STT 861 Theory of Prob and STT I Lecture Note - 5
2017-10-04
Sample mean and sample variance, biased and unbiased estimation; covariance, Hypergeometric distribution and its example; correlation coefficients; discrete distribution, Poisson distribution, Poisson approximation for the Binomial distribution.
Portal to all the other notes
- Lecture 01 - 2017.09.06
- Lecture 02 - 2017.09.13
- Lecture 03 - 2017.09.20
- Lecture 04 - 2017.09.27
- Lecture 05 - 2017.10.04 -> This post
- Lecture 06 - 2017.10.11
- Lecture 07 - 2017.10.18
- Lecture 08 - 2017.10.25
- Lecture 09 - 2017.11.01
- Lecture 10 - 2017.11.08
- Lecture 11 - 2017.11.15
- Lecture 12 - 2017.11.20
- Lecture 13 - 2017.11.29
- Lecture 14 - 2017.12.06
Lecture 05 - Oct 05 2017
Sample mean and sample variance
Recall: The proposition $E((X-c)^2)$.
Now consider some data $x_i$, $i=1,2,3,…,n$. We imagine that this data comes from an experiment which is repeated $n$ times independently.

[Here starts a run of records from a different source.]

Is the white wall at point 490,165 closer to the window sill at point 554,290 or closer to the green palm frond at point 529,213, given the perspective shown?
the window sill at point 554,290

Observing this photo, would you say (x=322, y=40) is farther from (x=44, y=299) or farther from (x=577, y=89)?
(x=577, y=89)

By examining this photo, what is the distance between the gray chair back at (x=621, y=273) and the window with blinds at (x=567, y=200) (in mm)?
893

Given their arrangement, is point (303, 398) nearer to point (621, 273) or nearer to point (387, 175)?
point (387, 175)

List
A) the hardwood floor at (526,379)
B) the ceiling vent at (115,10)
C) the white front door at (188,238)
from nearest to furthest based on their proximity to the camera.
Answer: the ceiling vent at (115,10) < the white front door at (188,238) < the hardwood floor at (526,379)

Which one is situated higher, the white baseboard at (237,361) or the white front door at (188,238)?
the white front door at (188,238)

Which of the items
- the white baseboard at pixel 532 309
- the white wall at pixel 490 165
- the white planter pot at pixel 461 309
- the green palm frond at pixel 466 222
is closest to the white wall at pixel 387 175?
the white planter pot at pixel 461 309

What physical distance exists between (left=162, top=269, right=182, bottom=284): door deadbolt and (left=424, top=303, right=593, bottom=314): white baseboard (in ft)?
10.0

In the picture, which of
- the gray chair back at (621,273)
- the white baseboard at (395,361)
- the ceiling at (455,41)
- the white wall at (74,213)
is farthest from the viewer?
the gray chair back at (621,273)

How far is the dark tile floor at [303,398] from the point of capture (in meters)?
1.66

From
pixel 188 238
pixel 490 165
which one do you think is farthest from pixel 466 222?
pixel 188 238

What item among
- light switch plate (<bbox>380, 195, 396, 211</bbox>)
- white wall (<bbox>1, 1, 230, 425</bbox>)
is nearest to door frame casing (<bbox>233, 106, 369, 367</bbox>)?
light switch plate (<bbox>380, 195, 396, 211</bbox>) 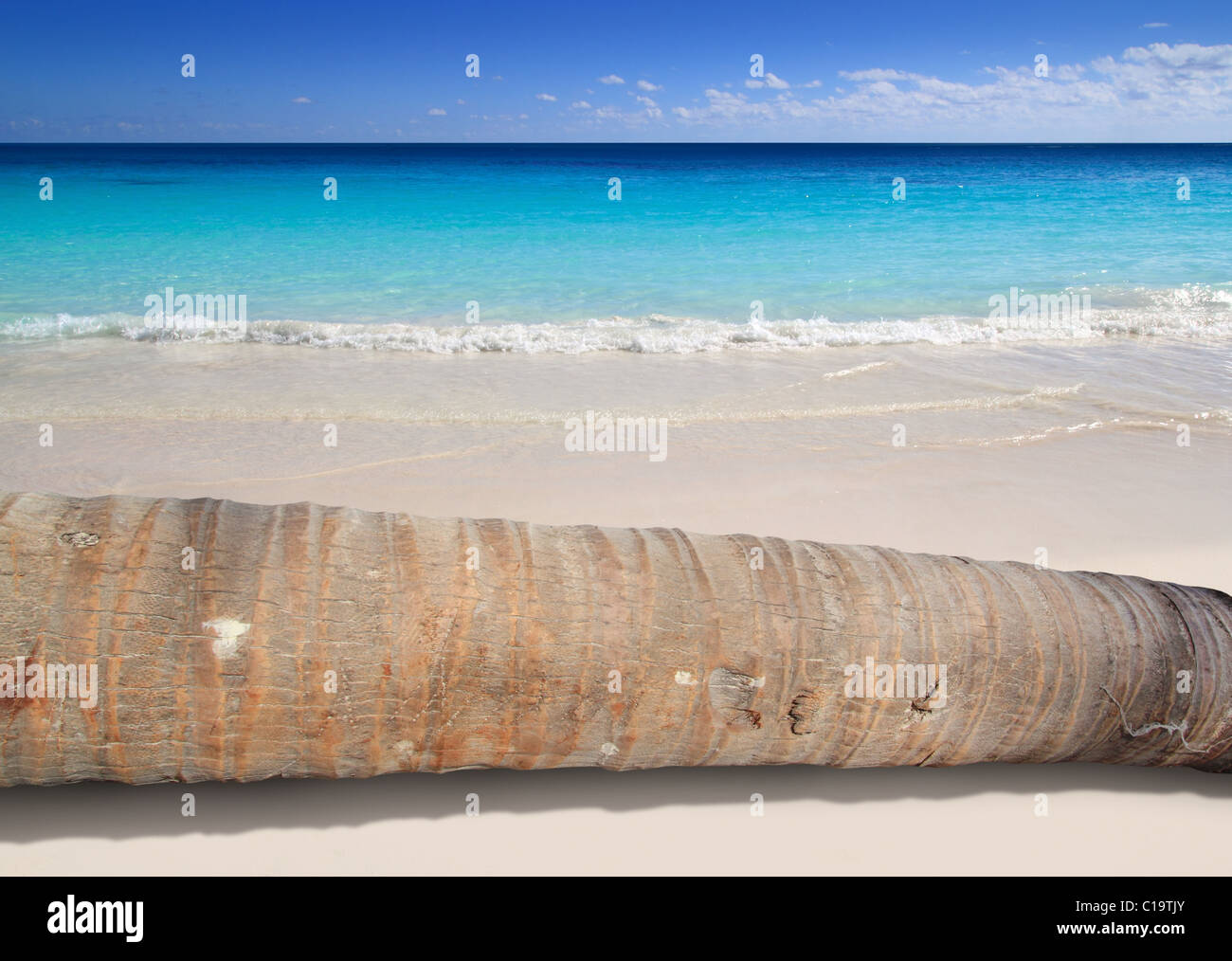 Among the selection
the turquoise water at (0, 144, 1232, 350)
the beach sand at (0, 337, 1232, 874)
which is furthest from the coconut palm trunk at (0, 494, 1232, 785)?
the turquoise water at (0, 144, 1232, 350)

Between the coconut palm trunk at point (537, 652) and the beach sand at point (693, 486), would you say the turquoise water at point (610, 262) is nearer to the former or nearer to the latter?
the beach sand at point (693, 486)

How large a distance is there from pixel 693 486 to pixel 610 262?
11239mm

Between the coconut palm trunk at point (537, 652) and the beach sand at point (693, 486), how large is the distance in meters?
0.23

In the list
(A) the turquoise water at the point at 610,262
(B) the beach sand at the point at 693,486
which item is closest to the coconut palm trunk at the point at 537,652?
(B) the beach sand at the point at 693,486

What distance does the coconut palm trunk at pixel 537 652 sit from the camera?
2.57m

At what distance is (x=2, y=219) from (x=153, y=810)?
25900mm

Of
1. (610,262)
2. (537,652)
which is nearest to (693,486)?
(537,652)

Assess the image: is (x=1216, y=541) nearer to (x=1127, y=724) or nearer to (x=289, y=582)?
(x=1127, y=724)

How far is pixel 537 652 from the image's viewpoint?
9.07ft

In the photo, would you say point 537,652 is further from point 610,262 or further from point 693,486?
point 610,262

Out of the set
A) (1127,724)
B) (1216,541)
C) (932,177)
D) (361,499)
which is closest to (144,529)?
(361,499)

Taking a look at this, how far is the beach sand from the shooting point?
2936 mm

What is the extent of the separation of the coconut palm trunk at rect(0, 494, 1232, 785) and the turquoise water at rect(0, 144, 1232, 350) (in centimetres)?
653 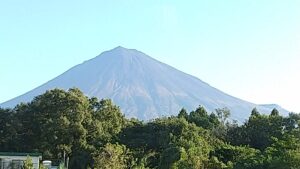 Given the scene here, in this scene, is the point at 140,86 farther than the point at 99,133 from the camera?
Yes

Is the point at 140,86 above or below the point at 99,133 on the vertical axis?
above

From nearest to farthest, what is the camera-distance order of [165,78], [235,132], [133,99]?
[235,132] < [133,99] < [165,78]

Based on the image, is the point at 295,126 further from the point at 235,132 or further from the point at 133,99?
the point at 133,99

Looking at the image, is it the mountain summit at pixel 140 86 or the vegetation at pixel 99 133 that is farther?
the mountain summit at pixel 140 86

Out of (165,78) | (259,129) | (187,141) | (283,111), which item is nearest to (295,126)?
(259,129)

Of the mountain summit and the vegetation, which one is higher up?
the mountain summit

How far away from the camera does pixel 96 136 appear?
91.0 feet

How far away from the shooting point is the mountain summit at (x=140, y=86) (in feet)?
416

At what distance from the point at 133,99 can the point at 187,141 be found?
107 metres

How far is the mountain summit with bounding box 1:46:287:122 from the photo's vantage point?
127 metres

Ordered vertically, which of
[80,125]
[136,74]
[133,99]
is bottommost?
[80,125]

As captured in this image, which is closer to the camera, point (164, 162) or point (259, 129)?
point (164, 162)

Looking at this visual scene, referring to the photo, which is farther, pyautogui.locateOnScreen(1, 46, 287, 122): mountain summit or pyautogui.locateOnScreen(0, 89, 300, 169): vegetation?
pyautogui.locateOnScreen(1, 46, 287, 122): mountain summit

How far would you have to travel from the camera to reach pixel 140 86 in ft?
466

This means that $x_i$ represents a r.v. $x_i$, where the $x_i$s are i.i.d.
We are accustomed to using the notation
\[\bar{x}=\frac{1}{n}\sum_{i=1}^{n}x_i\]This is called “sample mean”.
\[\hat{\sigma}^2=\frac{1}{n}\sum_{i=1}^{n}(x_i-\bar{x})^2\]This is called “sample variance”.
Now investigate the statistical properties of the two “estimators”. Replace $x_i$ by $X_i$ and try this.
Notation: $\bar{x}$ is for data points, while $\bar{X}$ is for the model notation.
Find the $E(\bar{X})$. If $E(\bar{X})=\mu$, then we say $\bar{X}$ is unbiased.
Find $E(\hat{\sigma}^2)$. Is it $Var(X)$? It might be biased.
\[E(\bar{X})=E(\frac{1}{n}\sum_{i=1}^{n}X_i)=\frac{1}{n}\sum_{i=1}^{n}E(X_i)=\mu\] \[E(\hat{\sigma}^2)=E(\frac{1}{n}\sum_{i=1}^{n}(X_i-\bar{X})^2)\]The left-hand side of the formula in the previous proposition applied to a r.v. $X$, which is equal to $X_i$ with prob $=\frac{1}{n}$.
The stuff inside the parenthesis is actually the expectation of a r.v. equal to $X_i-\bar{X}$.
\[\begin{align*} \frac{1}{n}\sum_{i=1}^{n}(X_i-\bar{X})^2 &= \frac{1}{n}\sum_{i=1}^{n}(X_i-c)^2-(\bar{X}-c)^2\\ &=\frac{1}{n}\sum_{i=1}^{n}(X_i-\mu)^2-(\bar{X}-\mu)^2\\ \Rightarrow E[\hat{\sigma}^2]&= \frac{1}{n}\sum E(X_i-\mu)-E((\bar{X}-\mu)^2) \\ &=\frac{1}{n}nVar(X)-E((\frac{1}{n}\sum x_i-\mu)^2) \\ &=Var(X)-E(\frac{1}{n}\sum(x_i-\mu)^2) \\ &= -E((\sum x_i-\mu)^2)\\ &= Var(X)- \frac{1}{n}Var(X) \\ &= (1-\frac{1}{n})Var(X) \end{align*}\]As a result, this is not exactly $=Var(X)$. Thus, $\hat{\sigma}^2$ is biased.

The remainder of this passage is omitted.